DSM-5 revisions for personality disorders reflect major change

July 11, 2011 in Medicine & Health / Psychology & Psychiatry

The American Psychiatric Association’s diagnostic criteria for the fifth edition of the Diagnostic and Statistical Manual of Mental Disorders (DSM) propose a significant reformulation in how personality disorders are identified and assessed. The change integrates disorder types with pathological personality traits and, most importantly, levels of impairment in what is known as “personality functioning.”

With its multidimensional framework, this hybrid model is very different from the way are presented as rigid behavioral categories in the current manual. The goal of the new criteria is to maximize their utility to clinicians and benefit to patients.

DSM is the standard classification used by mental health and other health professionals for diagnostic and research purposes. The manual’s next edition, representing the latest scientific understanding of the etiology, characteristics and relationships of mental disorders, will be published in 2013. Release of DSM-5 will culminate more than a decade of rigorous work involving hundreds of experts from the United States and abroad.

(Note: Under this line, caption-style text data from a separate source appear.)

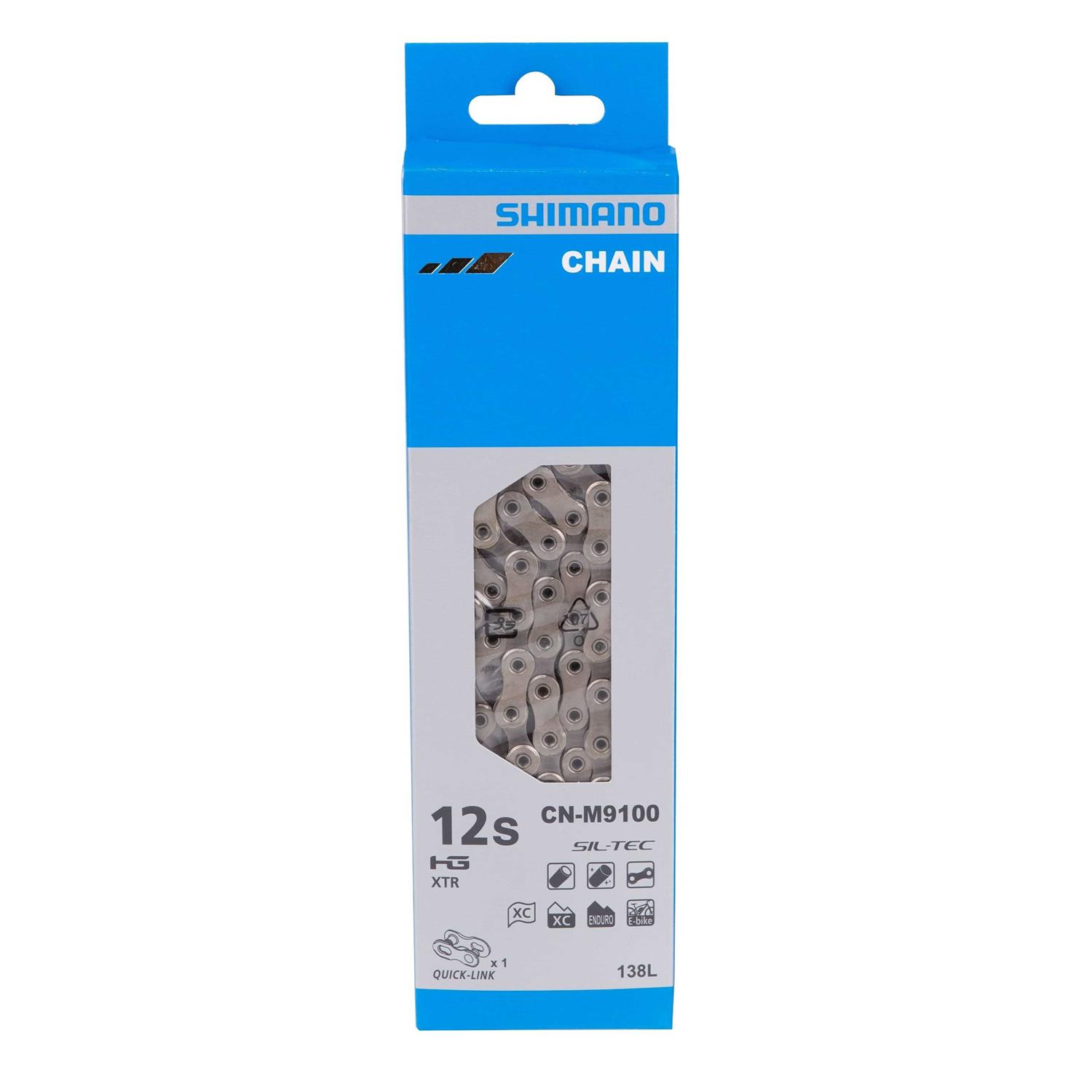 Shimano CN-M9100 Quick Link 12S chain - Sports Supplies Online Store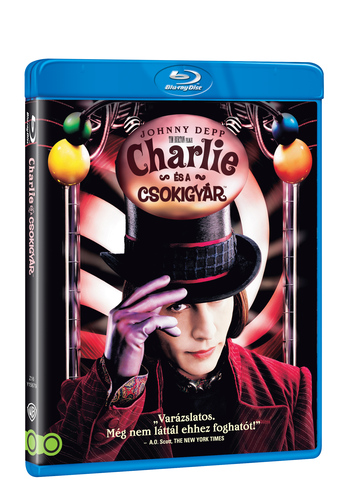 Charlie és a csokigyár (HU) BD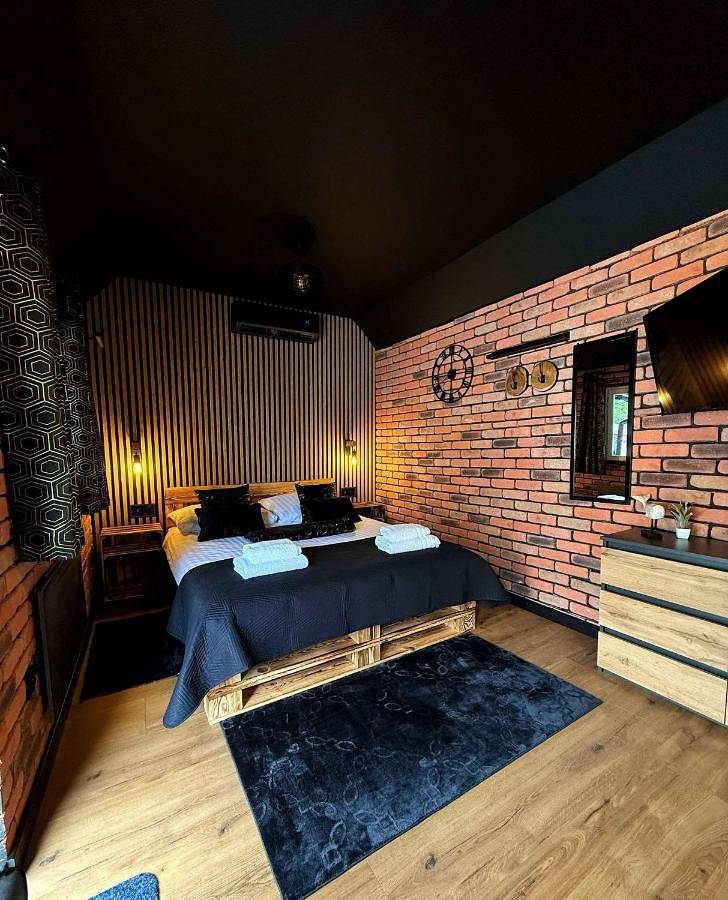 Cały apartament, Apartamenty Morskie Loft in Mielno, Jezioro Jamno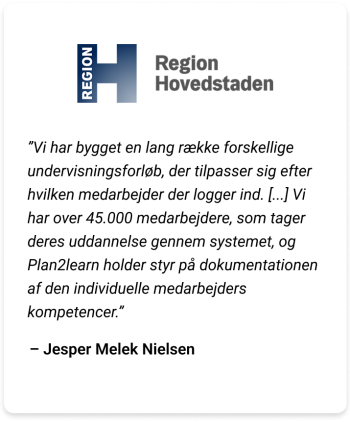 Region hovedstaden case uddrag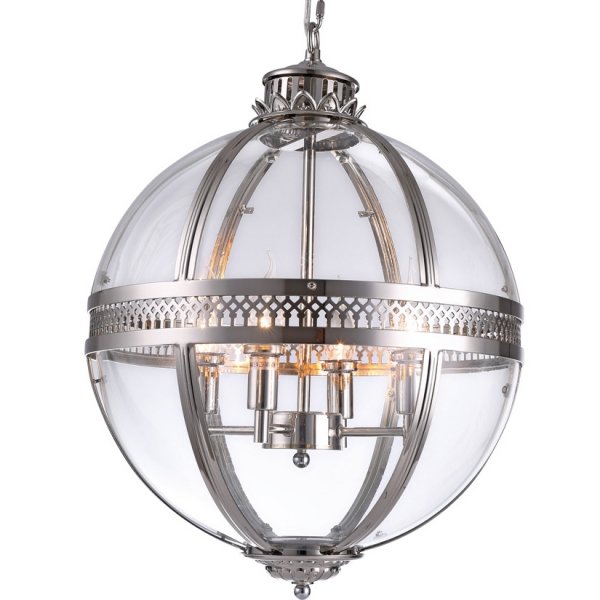 Люстра Sphere Old Roman Chandelier Chrome Хром в Краснодаре | Loft Concept 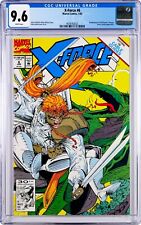 X-Force #6 CGC 9.6 (Jan 1992, Marvel) Rob Liefeld, Masque, Zero, Stryfe app. picture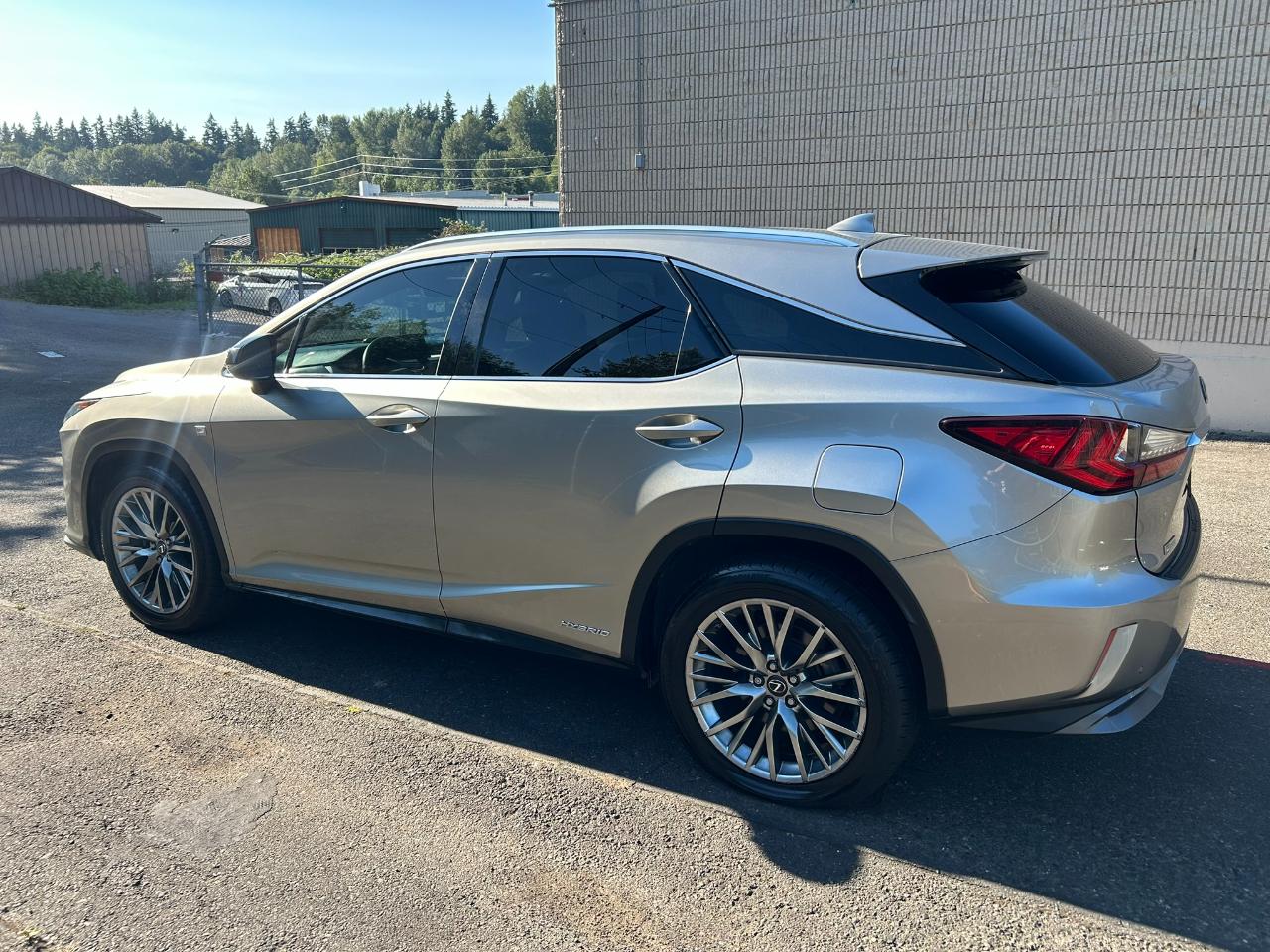 Lexus RX 450h AWD 2017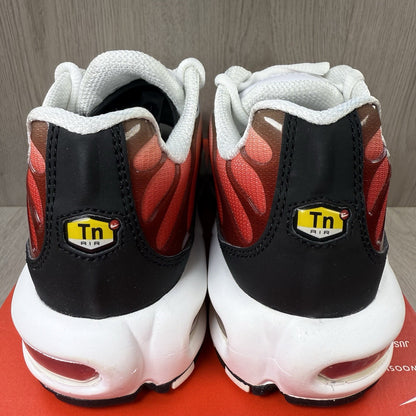 Nike Air Max Plus TN Trainers White Uni Red Size UK5.5 US6 EU38.5 HM9611-100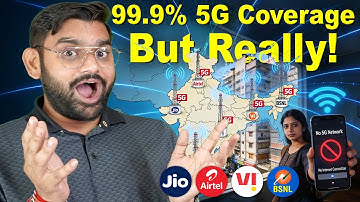 5G in 99.9% Districts: India’s Biggest Network Expansion Ever | Big Update For Jio, Airtel, Vi, BSNL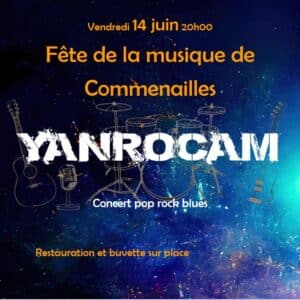 Affiche Commenailles 2024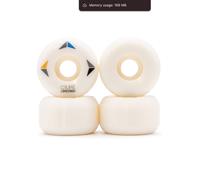 Crupie JBZ Joey Brezinski skateboard white wheels 52mm 101a 4 pack Wide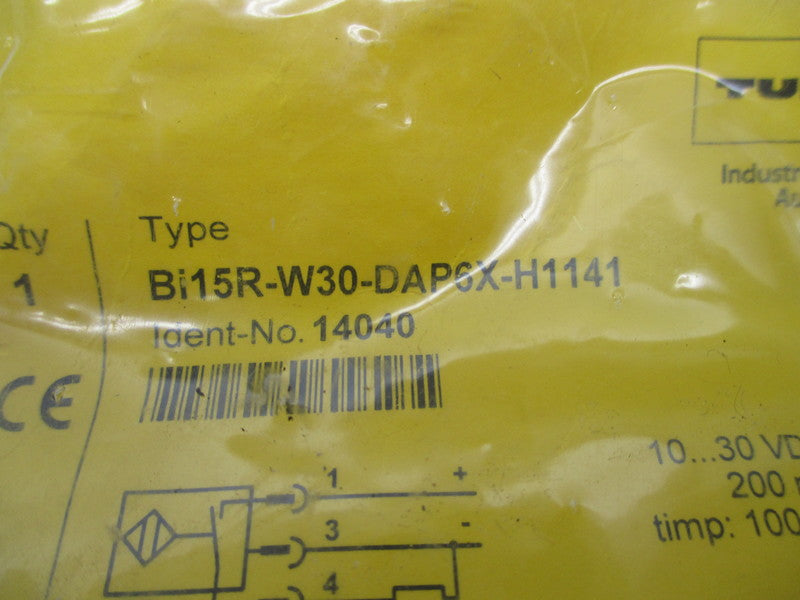 TURCK Bi15R-W30-DAP6X-H1141 NSMP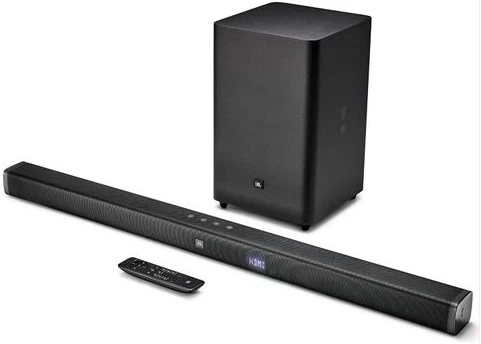 JBL Bar 2.1 Deep Bass, Dolby Digital Soundbar (300W)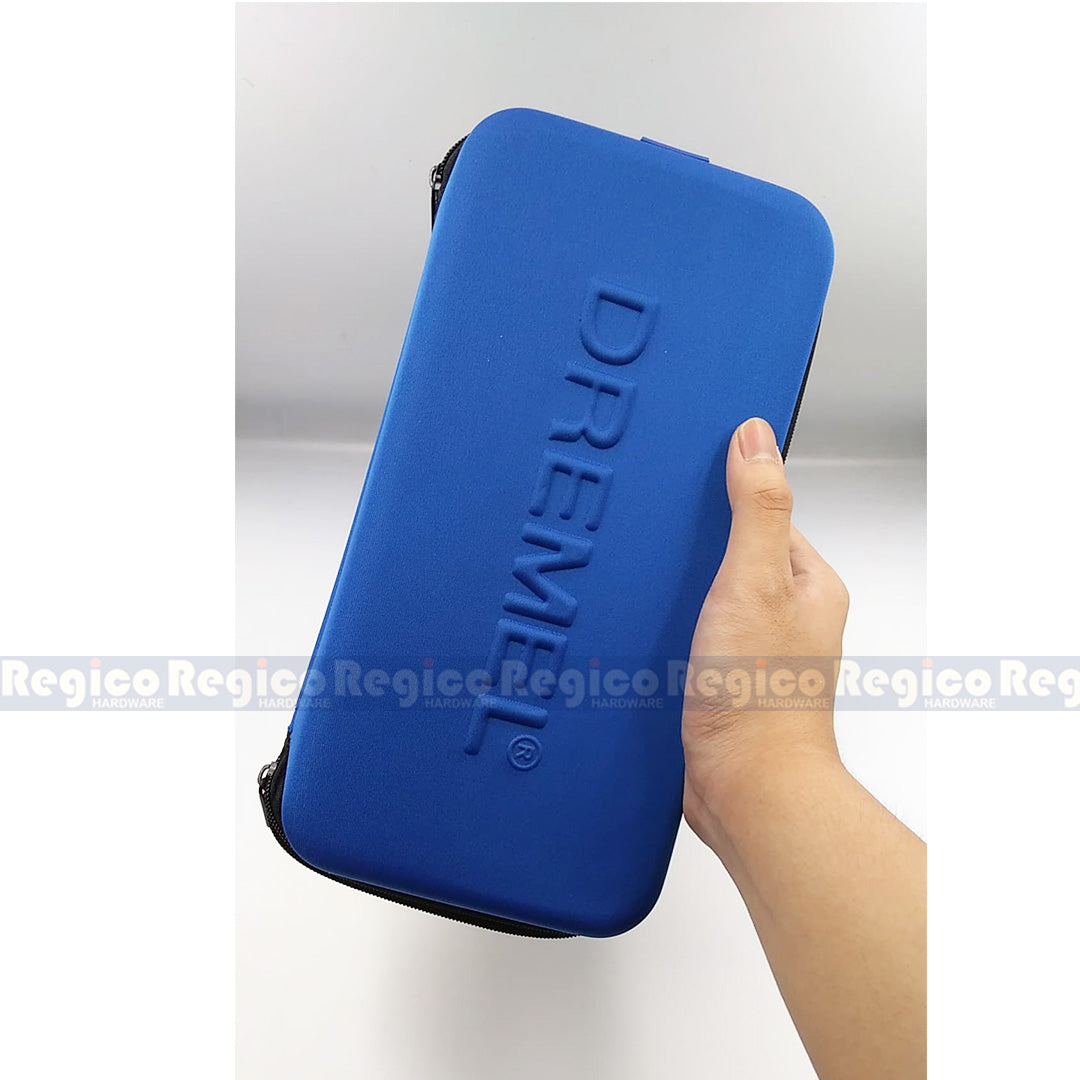 Dremel Bag Blue Semi Padded bag Travel bag Storage travel Case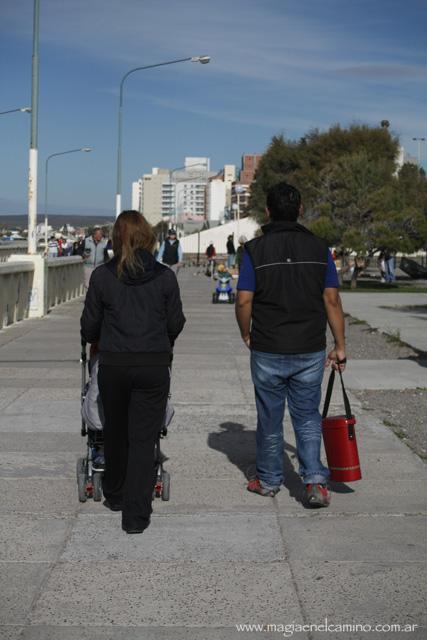 Madryn, con “M” de Mate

The new draft criteria for personality disorders are currently being evaluated through field trials in real-world clinical settings across the country. Public comment also is invited on the proposed revisions to these and other diagnostic criteria. Submissions will now be accepted through July 15. All criteria are available for review on www.dsm5.org .

As recommended by the DSM-5 Personality and Personality Disorders Work Group, 10 categories will be reduced to six specific personality disorder types (antisocial, avoidant, borderline, narcissistic, obsessive/compulsive and schizotypal). But for a diagnosis within these descriptive classifications, several conditions must be met.

Critically, a person must have significant impairment in the two areas of personality functioning – self and interpersonal. Self is defined as how patients view themselves as well as how they identify and pursue goals in life. Interpersonal is defined as whether an individual is able to understand other people’s perspectives and form close relationships. The scale by which these will be judged ranges from mild to extreme.

In addition, the work group determined that pathological personality traits must be present in at least one of five broad areas – such as whether a person is antagonistic versus able to get along with others, or impulsive versus able to think through possible consequences of action.

“The importance of personality functioning and personality traits is the major innovation here,” said Andrew Skodol, M.D., the work group’s chair and a research professor of psychiatry at the University of Arizona College of Medicine. “In the past, we viewed personality disorders as binary. You either had one or you didn’t. But we now understand that personality pathology is a matter of degree.”

Noted Robert Krueger, Ph.D., a member of the work group and a professor of psychology at the University of Minnesota, “Our proposed criteria get away from the idea that personality pathology is just a group of disorders. We’re instead defining it as a much broader characteristic.”

Underlying the work group’s recommendations are longitudinal studies and other clinical research since the early 1990s that have revealed the shortcomings of the current behavior-based criteria. Because behavior can be intermittent and changeable over time, the criteria can hinder an accurate diagnosis and even impede treatment.

By contrast, impairments in personality functioning and pathological personality traits tend to be more stable over time and consistent regardless of the situation. Both stability and consistency would be required under the revisions to the diagnostic criteria.

Over the next year, the DSM-5 Task Force and its work groups will continue refining the categories and specifics of all disorders to be included in the next edition. The current public comment period will play into their deliberations. As with the first public review last year, when the APA received more than 8,000 written responses from clinicians, researchers and family and patient advocates, every comment will be considered. As of mid-June, nearly 1,800 additional responses had been submitted.

In the meantime, the first round of field trials continues at nearly a dozen larger academic and clinical centers; almost 3,900 mental health professionals in individual practice and smaller settings also will participate before the trials conclude. Another public comment period on the criteria will then follow.

The DSM-5 diagnostic criteria will be determined by 2012 and submitted to the APA’s Board of Trustees for review and approval.